やはりこれはノウハウじゃないのだろうなと。
そうと信じて疑わず何年も同じことをやるのと、一つのケースだと思って捉えるのでは
真似た後の時間的、金銭的リスクが変わってしまいます。
■なぜ武勇伝はノウハウと間違いやすいのか?
なんでこんなに武勇伝が世の中を賑わせていて、ノウハウのように捉えられることが多いのか
考えてみました。
ひとえに、自分の編み出したパターンは強めに語られることは多いと思うんです。
つまり自慢しがちなんですよね。
本人は自慢してるつもりがなくても、結果そうなってることが多いです。
そして、たいていそれは難しそうだったりします。
なぜなら、難しいこと、困難なことをクリアした自負があるからこそ熱くなるってもんです。
人に言いたくなりません?
なんならそのノウハウが売れるんじゃないかとさえ思ってしまうかも。
でも、ノウハウだって多くの成果を出しているはずですよね。
しかも武勇伝よりも成功している件数が圧倒的に多いはず。
なのに目立ちません。
あんま熱く語る人がいない。
なぜかというと、成果の出た件数が多いってことは、さして珍しくなくなってる手法だからだと思うんです。
だからこそサラッと語られてることが多い。
周知されてるから、当たり前の方法論として世に出てることが多いです。
そして、珍しくないものになります。
珍しくない、目新しくないものって、人はあまり強く反応しません。
あんまり強く反応しないからこそ、当たり前の情報として伝える。

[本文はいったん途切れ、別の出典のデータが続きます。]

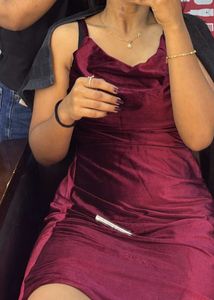 Elegant Maroon Velvet Dress
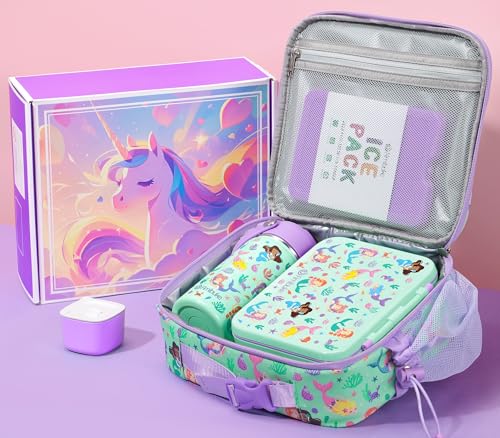 Fimibuke Bento Lunch Box for Kids - Toddler Bento Snack box with 3 Compartments, Stainless Steel Insulated Water Bottle, Lunch Bag, Ice Pack Set, Back to School Birthday Gifts for Ages 3-12 Girls Boys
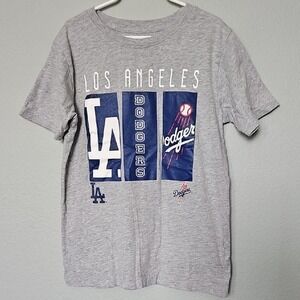 Boy's Los Angeles Dodgers Gray Short Sleeve Shirt Size Medium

みたいなものですね。
これが、ノウハウが軽視されて、武勇伝が注目される理由じゃないかなと思います。
ちなみに・・・
確かにノウハウでさえ最後はやってみないとわからないのだけど、
難易度が低いものが多いんです。
時間的金銭的リスクが少ないものも多いです。
なぜなら、だからこそノウハウとして普及してるからです。
となると、テストって感覚で実行できるものが多くなります。
一方武勇伝は難易度が高い。
例えば僕が当時ノウハウだとおもってた武勇伝である「エンドレス無料相談地獄」は、
毎日毎日寝る時間も削れって、テストするにはしんどすぎます。
何も始める前から、金儲けか好きなことが選べってのも乱暴すぎます。
金も稼げないのに、未来があるかどうかわからない会員ビジネスを
数ヶ月もやってられません。
ご縁があればお金は後から付いてくる的なノウハウに見える武勇伝もそうですよね。
人との付き合いを深くするのって数年かかりません?
それで成果でない時に時間的リスクが大きすぎます。
でもさ、facebook広告で1万出すとかって、これはノウハウだけど
ノウハウだけに、簡単は簡単。
実行する時間とお金はそんなに大きいリスクにならないと思うんです。
■まとめ
ということでまとめます。
語りや主張が強めなノウハウは、武勇伝だと疑ってみてください。
その難易度が高そうならほぼ武勇伝だろうなと思います。
それを試したいなら、「試す」範囲で取れる時間とコストならテストしていきましょう。
できなさそうなら、ノウハウっぽいものを見つけてください。
ノウハウはたいてい強めに語られてません。
サラッとしてるし、聞いた瞬間チープに見えるかもしれません。
でも効果があるからたくさんのところで語られるし、
たくさんのところで語られるからチープに見えるわけです。
売れるものを売れ。ってアドバイス、
チープでしょ?
広告を出せ。ってアドバイス。
チープでしょ?使い古されてるけど成果の出るノウハウだからです。
インスタで3ヶ月でフォロワーを5万に増やした人が、こんな風にストーリーズを投稿するとフォロワー増える。ってノウハウ。
ちょっと反応するでしょ?だって武勇伝だから。
インスタでフォロアーが10万人いる人が、こんな風に毎日投稿とストーリーとリールを投稿して、
投稿するネタはこんな風に毎日集めて、画像はこういう風に加工方法を覚えて、コメント返しも忘れずに。ってノウハウ。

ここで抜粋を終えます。